- **EXTRACTED RECORDS**:
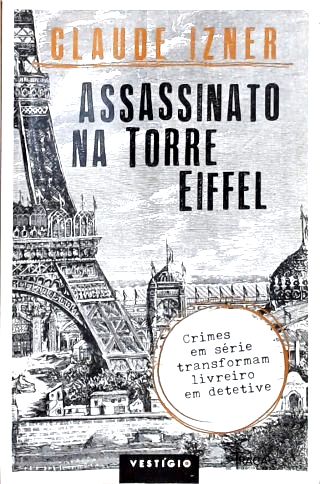 Assassinato Na Torre Eiffel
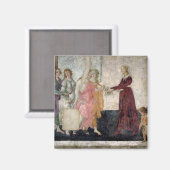 Aimant Vénus et les Grâces (Recto/Verso)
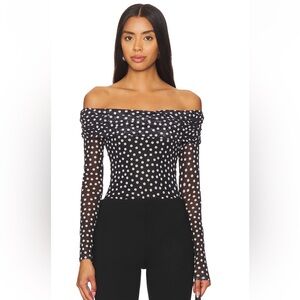 Majorelle Joy Bodysuit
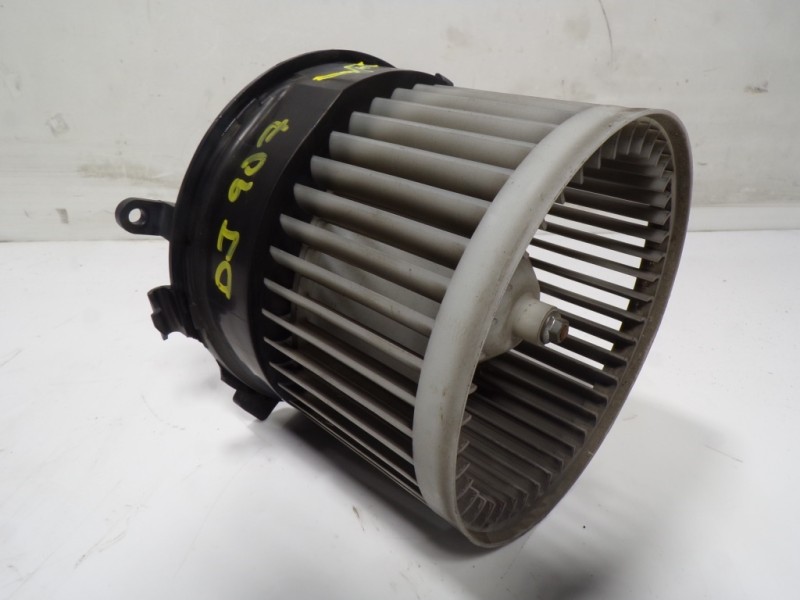 Recambio de motor calefaccion para nissan qashqai (j10) tekna referencia OEM IAM 27225JD00A A14000 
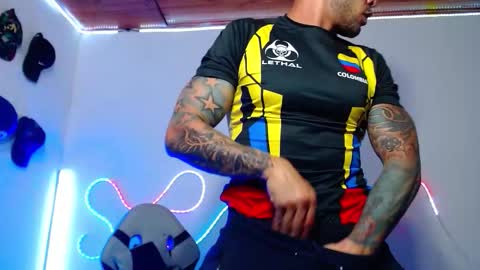 Sebastian online show from January 10, 7:43 am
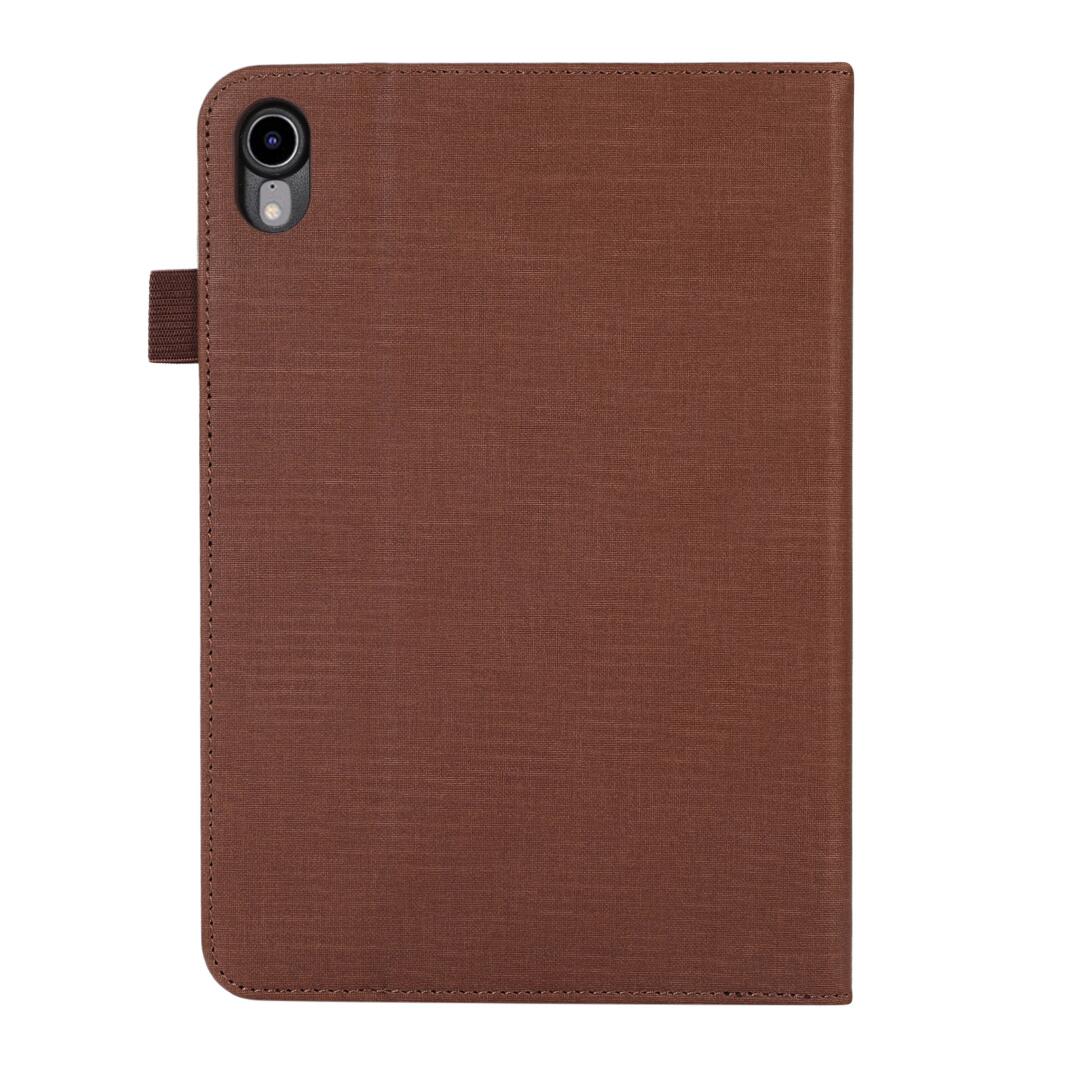 Cloth Foldable Stand Apple iPad Mini 6th Generation Case Book Slim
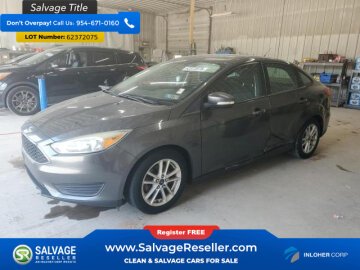 2015 Ford Focus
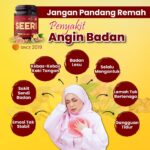 Nad Zainal Instagram - Sekejap lagi Nanad LIVE di TT siapa nak pemahaman lebih tentang cara consume Jamu SEERI sila set alarm jam 5pm ya ♥️ @nurrifa.hq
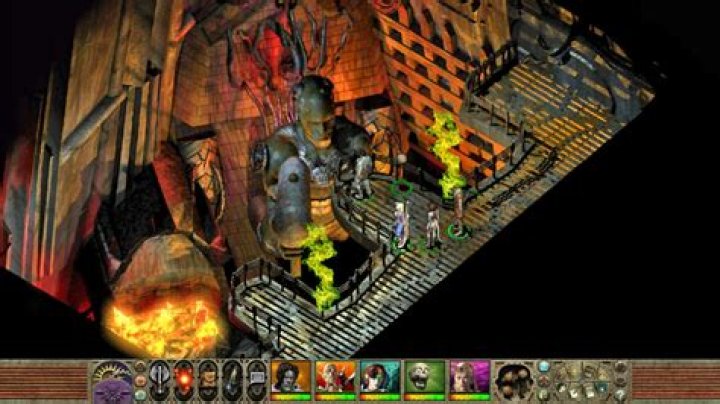 Planescape: Torment 4K remaster comes out April 11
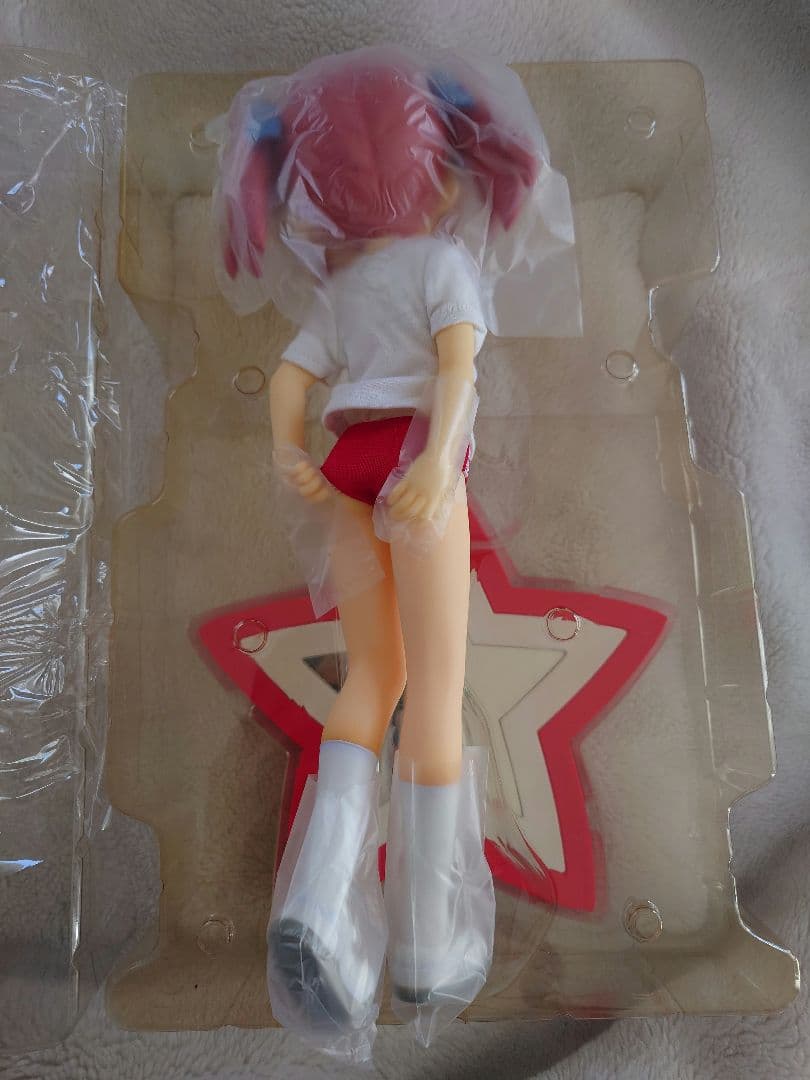 らき☆すた　体操服　泉こなた・小早川ゆたか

- **EXERCISE DIRECTIONS**: Please transcribe the lines from the one containing "2015 Ford Focus" to the last line of the listing, both included, exactly and with nothing added, leaving every picture out.

- **ANSWER TO THIS PROBLEM**:
 2015 Ford Focus
 Nad Zainal Instagram - Sekejap lagi Nanad LIVE di TT siapa nak pemahaman lebih tentang cara consume Jamu SEERI sila set alarm jam 5pm ya ♥️ @nurrifa.hq
 Planescape: Torment 4K remaster comes out April 11
 らき☆すた　体操服　泉こなた・小早川ゆたか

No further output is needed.